Waiting on a single coroutine

When awaiting a single coroutine exception handling is managed in exactly the same way as non-asyncio code using a try…except…finally, block. As an example, an exception is raised in the foo coroutine which propagates up to the main block where it is captured and the error is printed.

import asyncio

async def foo():
    raise ValueError("Foo value error")
    return("Foo finished")

async def main():
    try:
        result = await foo()
        print(result)
    except ValueError as e:
        print(f"ValueError: {e}")

asyncio.run(main())

However, if the result in main is waiting on several coroutines to complete what should happen if one of those coroutines throws an exception? Should it be immediately propagated to the main coroutine? What about unfinished tasks? Should they be terminated or allowed to continue? To prevent any unwanted side-effects the programmer needs to have a plan of action to handle exceptions when they arise.

It’s the scheduler that calls the coroutine

In the previous example when we run the main and await the foo coroutines they don’t start running immediately. Instead, they are added to a list of coroutines to run at some point in time in the future. This is a major difference compared with regular Python functions and what allows multiple tasks to seemingly run in parallel.
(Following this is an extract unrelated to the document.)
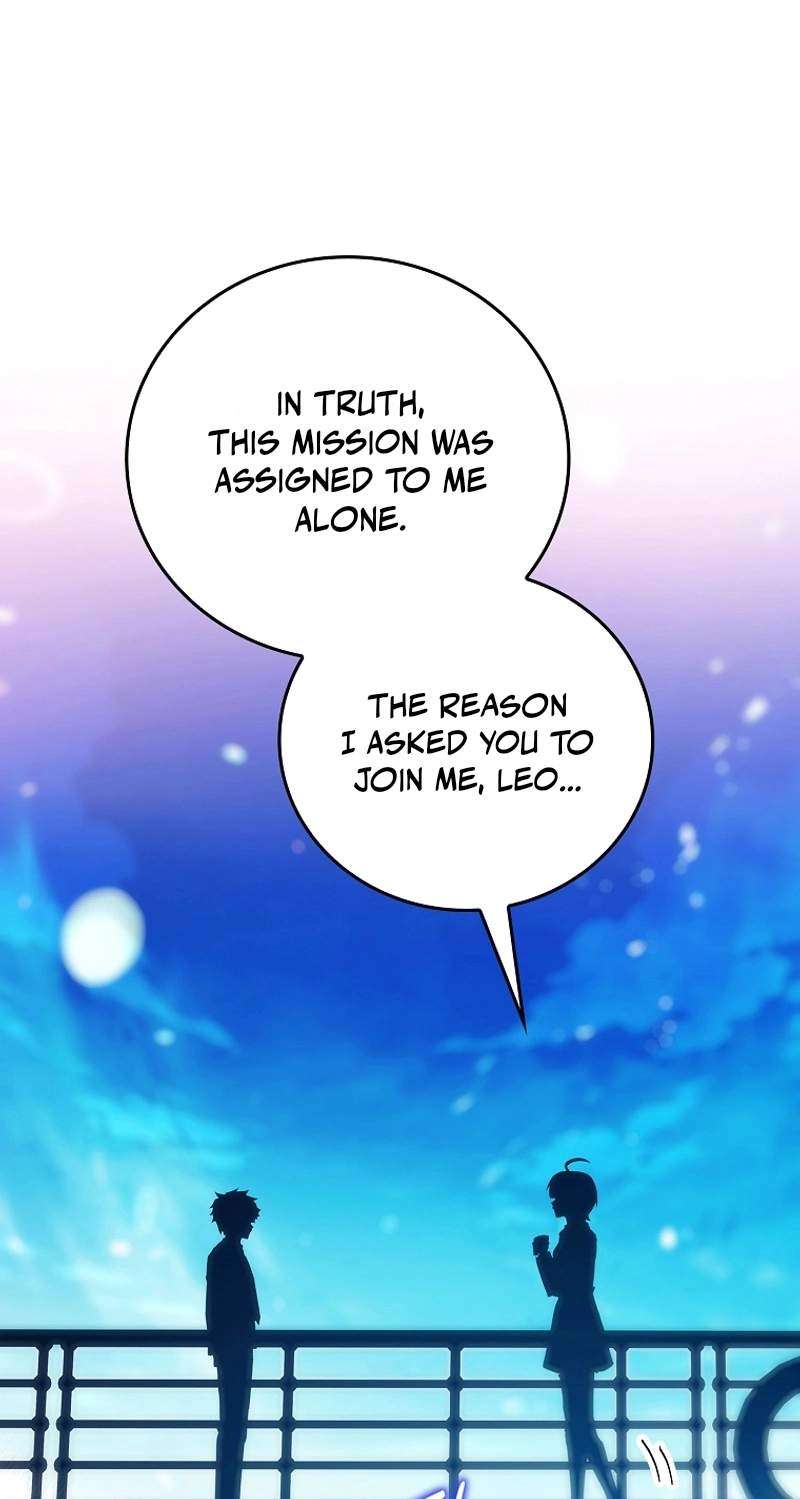 Legendary Hero Is an Academy Honors Student - Chapter 109 Page 55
So, when asyncio.run(main()) is called the coroutine main() is placed on the event loop and, as it is the only coroutine on the event loop, it is called by the scheduler and starts executing. When the main coroutine meets the await foo() statement the foo coroutine is added to the event list and execution of the main function is suspended with control yielded back to the scheduler. The scheduler then looks to see if there are any other tasks to execute and seeing foo calls the coroutine until it terminates. Termination of foo sets a flag in main that the call to foo has completed; so on the next trip round the event loop, the scheduler sees that main is able to continue execution and so calls it, with execution continuing from the point where main yielded.

asyncio run starts the event loop and creates a task for the scheduler to execute.

We can also consider the case when main is waiting on two tasks to complete. In this case, two tasks are created (a, b). These are added to the event loop, but will not execute until the main loop yields control back to the scheduler and the scheduler is then free to call the newly created tasks.

The scheduler executes the first task (main) until it hands execution back to the scheduler (await). The task may create additional tasks which are added to the event loop.

We can now consider the case where the main coroutine has yielded control to the scheduler and the scheduler has called task a. For some reason, task a rases an exception. This exception does not propagate up to main, as main is a peer of a on the event loop and does, instead, propagate up to the scheduler.

The scheduler captures the exception and passes a task object back to main noting that an exception has been raised. Depending upon the parameters in asyncio.wait the scheduler will then determine whether main is callable on the next trip around the event loop, or whether all tasks have to complete before main is called.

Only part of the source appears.